Three Generations of Benkei Actors
Kōshirō, playing Benkei at the Kabukiza in April 2013, performs his lively exit down the hanamichi to cap a performance of Kanjinchō. (Photo by Watanabe Fumio.)
Kanjinchō, first played in 1840 by Ichikawa Danjūrō VII (1791–1859), is one of the kabuki jūhachiban, the 18 plays selected as the standard repertoire of the great actor’s house. The story takes place at the Ataka Gate, which is guarded by Togashi. Minamoto Yoshitsune and his servants, who are on the run from the authorities, try to pass the gate by disguising themselves as a troupe of Buddist monks soliciting contributions for the reconstruction of the temple Tōdaiji. Benkei, the main character of the play, faces Togashi’s tough interrogations but uses his wit and manages to clear the gate in the end. Kōshirō’s grandfather, Matsumoto Kōshirō VII (1870–1949), who learned the play from his master Ichikawa Danjūrō IX (1838–1903), traveled throughout Japan performing Benkei more than 1,600 times.
“Back then, Kanjinchō was not as popular as it is now. It was my grandfather who made it into a kabuki favorite. My father played it five to six hundred times, too, so my performances make it more than three thousand times in three generations altogether,” laughs Kōshirō.
“I’ve found the strength to continue playing Benkei to this day in the applause I receive from the audience. When I hear the big hand as I skip down the hanamichi—the runway passing through the audience—at the end of the show, it makes me forget all the exhaustion of playing the role. Kanjinchō embodies the devotion and passion of my grandfather, which my father inherited in turn. I hope to share it with as many as possible in order to pass on the play to the next generation.”
Benkei: How a Man Should Be
Kanjinchō features a realistic portrayal of the characters. As such it stands out from the other kabuki jūhachiban scripts, many of which are simple, even nonsensical plays.
Kōshirō describes one of the play’s dramatic high points. “When Togashi suspects that the porter in Benkei’s troupe is Yoshitsune in disguise, Benkei tricks Togashi by beating Yoshitsune with a staff. Hitting one’s master is an act of disrespect, so Benkei makes a slight bow in apology. This is probably one example of the subtle psychological elements that my grandfather made a part of the acting in kabuki plays.

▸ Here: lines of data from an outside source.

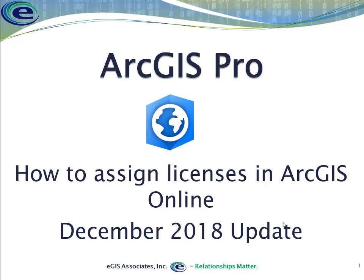Hello, everyone. Welcome to another video from eGIS Associates. A couple of weeks ago, we posted a video about how to assign licenses for ArcGIS Pro in ArcGIS Online. Since we did that original video, Esri has come out with an update to ArcGIS Online that has changed how you do that.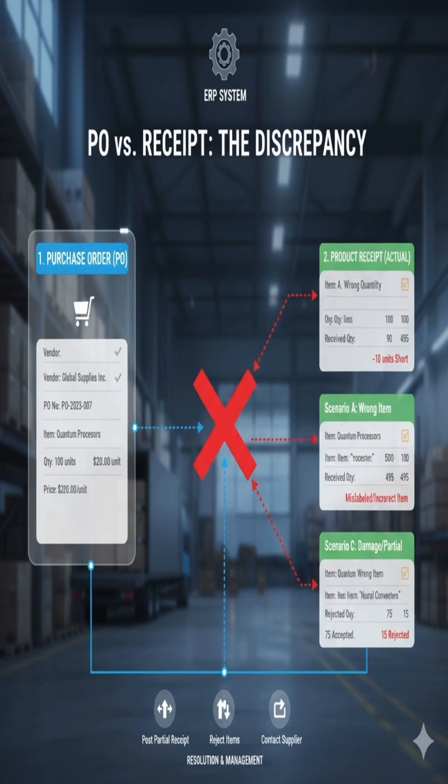Reasons for discrepancy include supplier errors. Under wrong quantity, the supplier ships more or less than the quantity on the PO. Under wrong item, an item is mislabeled or the supplier sends a completely different product. Under damage or rejection, some or all items arrive damaged and are immediately rejected or quarantined by the receiving staff.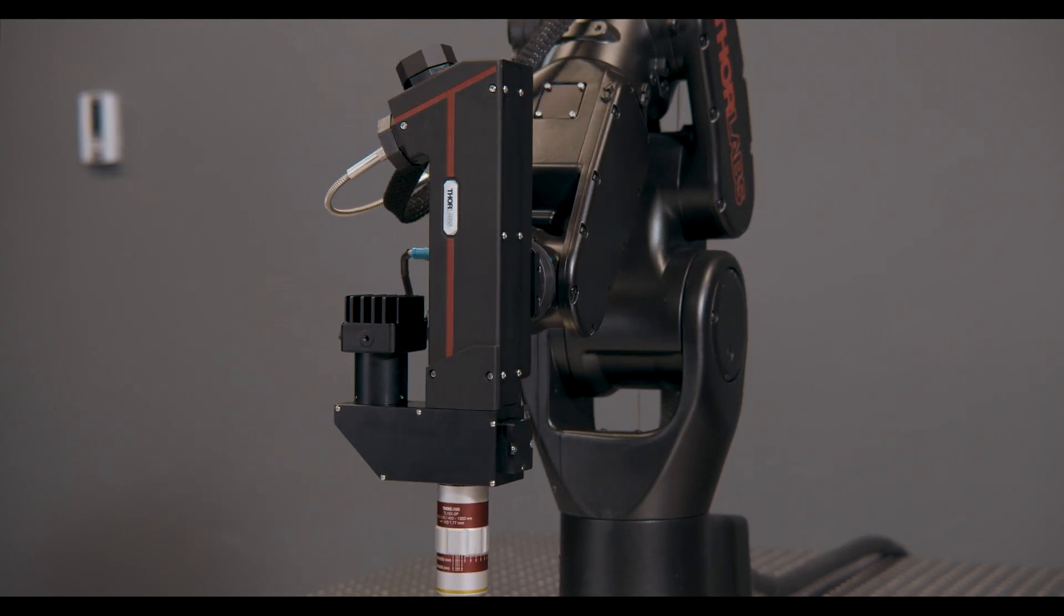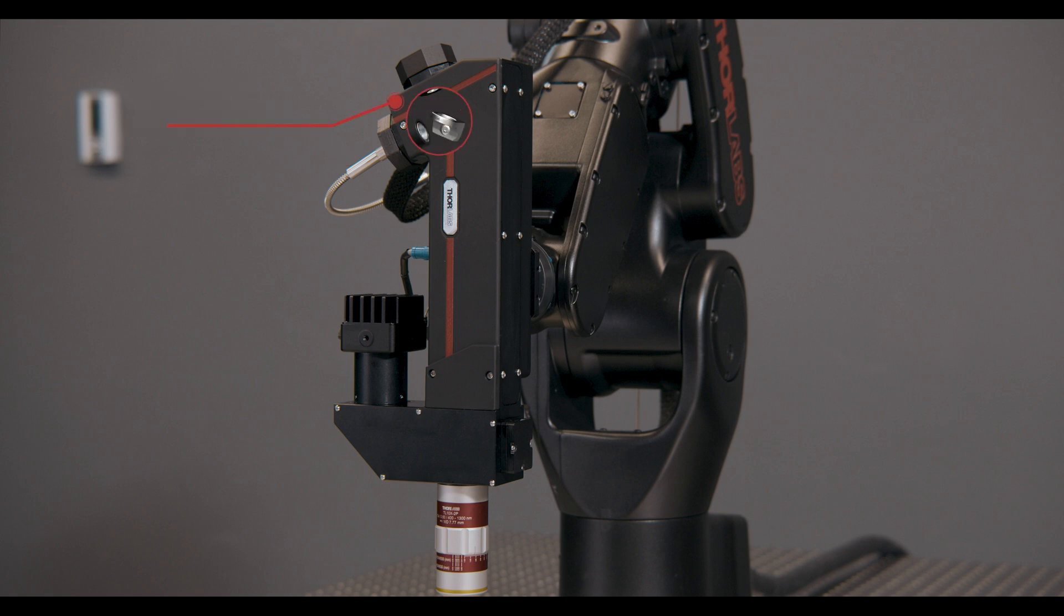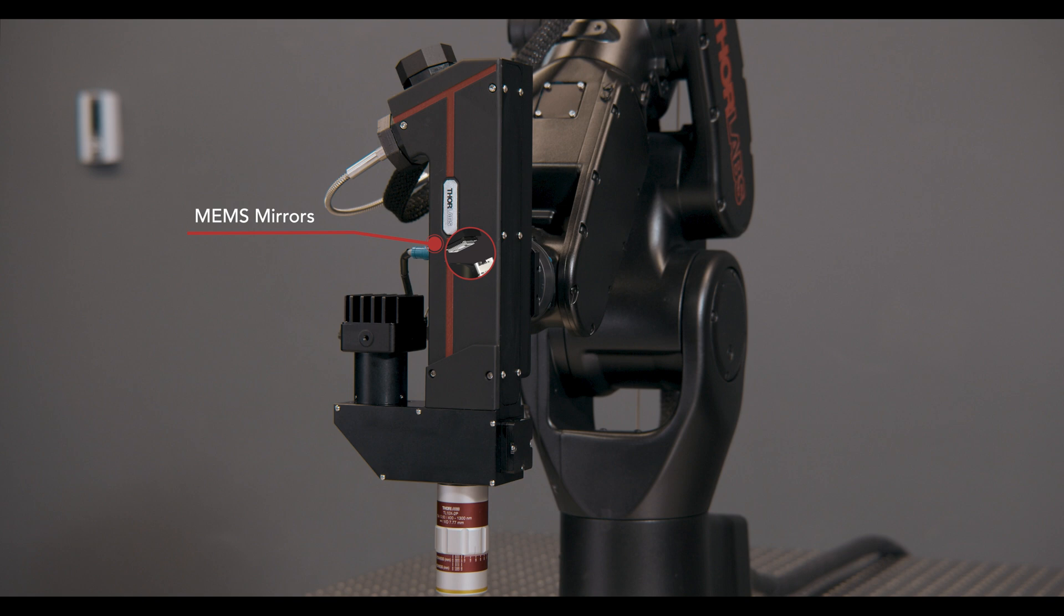We start with a fiber-coupled multi-photon laser. The light then goes through a beam expansion and into two sets of MEMS mirrors, which are divided by two complete sets of scan and tube lenses.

“At the end of the play, Benkei leaves the stage last in line, after Yoshitsune and his servants. He has done all that must be done. He has also let his companions fulfill their duty. I see this as an ideal of how a man should act. These days we rarely find this kind of hero among Japanese men, but they still exist in the world of kabuki.”
Close Connections with the Western Stage
As Don Quixote, Kōshirō sings “The Impossible Dream” in a May 2002 performance of Man of La Mancha at the Hakataza theater.
Aside from kabuki, Kōshirō has devoted his acting career to Western-style musicals. Most notable among his repertoire here is Man of La Mancha, a Tony-Award-winning musical based on Miguel de Cervantes’ Don Quixote. Kōshirō first played the lead role in 1969 at Tokyo’s Imperial Theatre. The next year, he was invited to Broadway, where he gave 60 performances in English. On August 19, 2012, the day Kōshirō turned 70, he played Man of La Mancha for the 1,200th time. During the curtain call, the wife of the musical’s late author, Dale Wasserman, handed him the Tony Award trophy that Wasserman won in 1966.
Kōshirō was deeply moved. “I heard that Mr. Wasserman told his wife to give the trophy to someone who had contributed the most to Man of La Mancha. It was more than half a century since I first did the show, but I never felt as proud for doing musicals as I did that day. The trophy is now in my living room, right next to the fan I used in the thousandth performance of Kanjinchō at Tōdaiji.”
Kōshirō was 22 years old when he first took a shot at a musical. He played the King of Siam in The King and I with Koshiji Fubuki (1924–80), a renowned Japanese musical star. Back then, Kōshirō was contracted with Tōhō, a major film and stage production company and a rival to Shōchiku, the company that manages and promotes many of the performances in the kabuki world. As a Tōhō star he played roles in contemporary theater, Shakespeare plays, and musicals.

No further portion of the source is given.